Scheinfirmenkonstrukte
Die klassische Branche für Scheinfirmen ist der Baubereich. Das System der Sub- und Sub-Sub-Vergabe von Aufträgen sei nahezu perfekt dazu geeignet, derartige Konstrukte aufzuziehen. Am Beispiel der Opteryx GmbH ist aber zu sehen, dass es nicht ausschließlich diese Branche betrifft. Nach einem Einstieg in den Food-Bereich kümmert sich die Firma nun um Projektentwicklung von Immobilien. Laut Stefan Trittner, Stv. Sprecher des Finanzministeriums, ist auch der Security- oder Reinigungsbereich gut dafür geeignet.

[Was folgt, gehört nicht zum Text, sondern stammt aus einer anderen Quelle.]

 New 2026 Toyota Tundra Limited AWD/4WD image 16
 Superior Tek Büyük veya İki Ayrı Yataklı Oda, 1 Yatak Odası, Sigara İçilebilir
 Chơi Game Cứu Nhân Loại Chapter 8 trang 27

Den meisten Ertrag holen sich Scheinfirmen, indem sie bei Steuern und Abgaben sparen. Beispielsweise indem Dienstnehmer nicht angemeldet werden und keine Lohnsteuer bezahlt wird oder durch Weitergabe im B2B-Bereich, indem die Vorsteuer kassiert, aber die Umsatzsteuer nicht abgeführt wird. Da die Umsatzsteuer EU-weit großteils einheitlich behandelt wird, können sich diese Organisationen über beinahe ganz Europa erstrecken.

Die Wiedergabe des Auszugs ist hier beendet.